In response to:
The Big Rock Candy Mountain from the December 18, 1997 issue
To the Editors:
Anyone of the slightest aesthetic sensibility has to agree with Martin Filler’s criticism of the new Getty Museum and of the self-serving publications from the Committee of Trustees and from the architect. The late Mr. Getty was indeed of the view that a camel was a horse designed by a committee. He called his corporate committeemen “my flying cowboys,” and as a lonely and wise entrepreneur he distanced himself geographically as far as possible from them by going to live in Europe for over half his adult life, including the last twenty-six years before his death. There his architectural preferences were shown as he acquired the sixteenth-century Sutton Place, near London, also an Odeschalchi villa outside Rome, and, as absentee owner of a property at Malibu, he chose another Roman villa as the model for the first museum. It is quite extraordinary therefore to see the the alacrity with which the Getty trustees have departed from the donor’s known taste. It is true that they found themselves with an “unexpected” increase in the endowment when they joined the executors in selling the founder’s company! It is also true that many European countries restrict the export of works of art. But why did they not let the art live where Getty himself had lived? Create a Getty Museum in England and another in Italy. They could then have bought every great work of art which had come up for sale in those two art-rich countries, and, from time to time, sent these separate collections for temporary exhibitions in America. No export licenses would have been required. It was what Getty’s friend, Thyssen, did, and it is similar to what the Guggenheim is doing today. The late J. Paul Getty was a Jamesian American with a great love for Europe and for European art. The terms establishing the foundation obliged the trustees to name this building after the founder. He might have been happier if they had not done so.
Claus von Bülow
To the Editors:
In his review of the new Getty Center, Martin Filler writes rather disparagingly that the Los Angeles County Museum of Art has “a negligible permanent collection of paintings” [NYR, December 18, 1997]. It is not so. Mr. Filler may consider negligible major works by Giovani di Paolo, Rosso Fiorentino, Guido Reni, Rembrandt, Frans Hals, Cézanne and Gauguin, or closer to Mr. Filler’s own interests, Matisse, Picasso, Tanguy, or Motherwell. It is however unfair not to recognize that the Los Angeles County Museum has been for the last twenty years a major presence in the field of Old Master paintings, and that through the continuing support of the Ahmanson Foundation it remains one of the few American museums steadily building a great collection of European paintings. I encourage readers of Mr. Filler’s article to correct his misperception by visiting the Los Angeles County Museum of Art on their next visit to California.
J. Patrice Marandel
Department of European Painting and Sculpture
The Los Angeles County Museum of Art
Los Angeles, California
Martin Filler replies:
I fully concur with Dr.
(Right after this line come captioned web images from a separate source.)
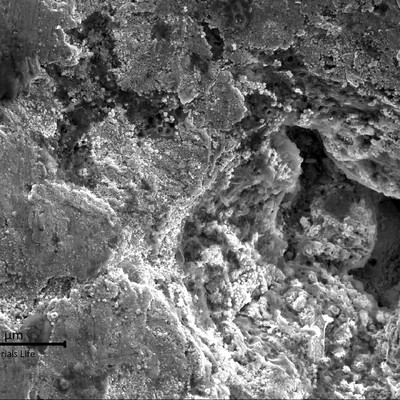 There are some regions in the coaster surface where pores associated to shrinkage is evident.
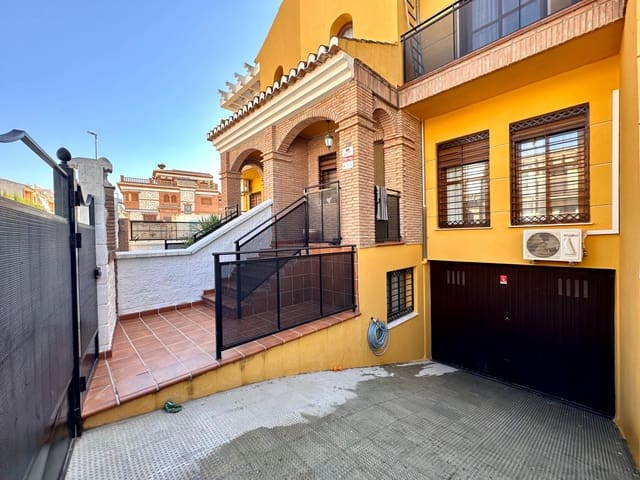 3 camera da letto Villetta a Schiera in vendita in Maracena con garage - 280.000 € (Rif: 10086196)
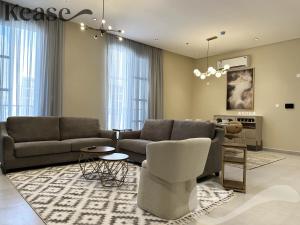 sala de estar con sofá y mesa en Kease Hittin K-9 Latest Development Balcony GX53, en Riad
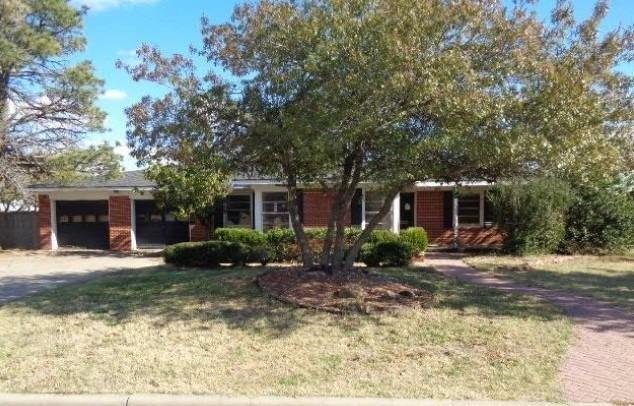 Christine St, Pampa, TX 79065
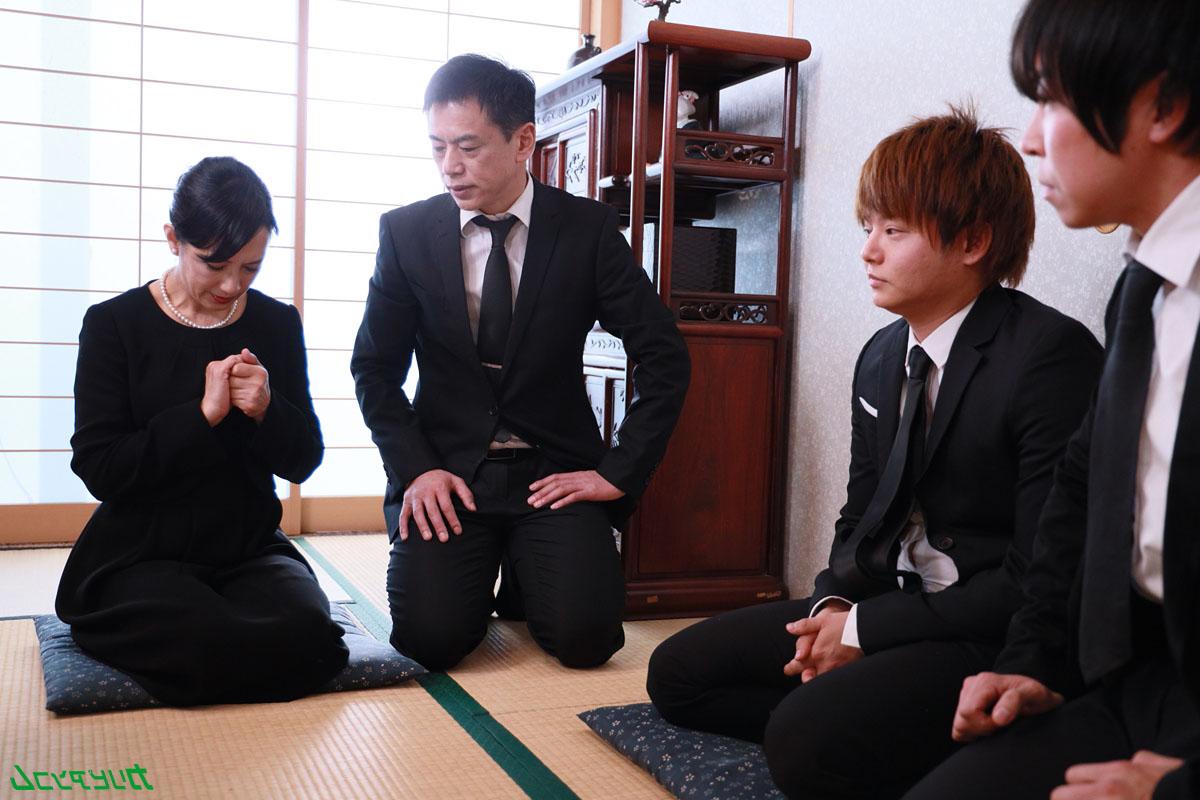 20P La MILF asiatique Chino Ogata montre sa chatte crémée après un sexe en groupe sauvage.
Marandel that people ought to visit the Los Angeles County Museum of Art, where they will find some superb examples of Indian and Southeast Asian sculpture, widely regarded to be among the institution’s finest holdings. However, I know of no art historian who would maintain that the museum’s Old Master paintings, apart from a few exceptional examples, are anywhere as important in toto as those owned locally by the J. Paul Getty Museum or the Norton Simon Museum, to say nothing of much finer pictures in the public galleries of several much smaller American cities. Despite the admirable generosity of such civic-minded Los Angeles County Museum donors as the Ahmanson family and Anna Bing Arnold, it remains that its picture collection simply is not commensurate with the size and wealth of America’s second city. And for the record, my own interests are not closer to the art of the twentieth century. To paraphrase W.C. Fields, I’d rather be in Berlin, whose Gemäldegalerie collection of Old Masters, I feel safe in saying, puts all the aforementioned museums into the shade.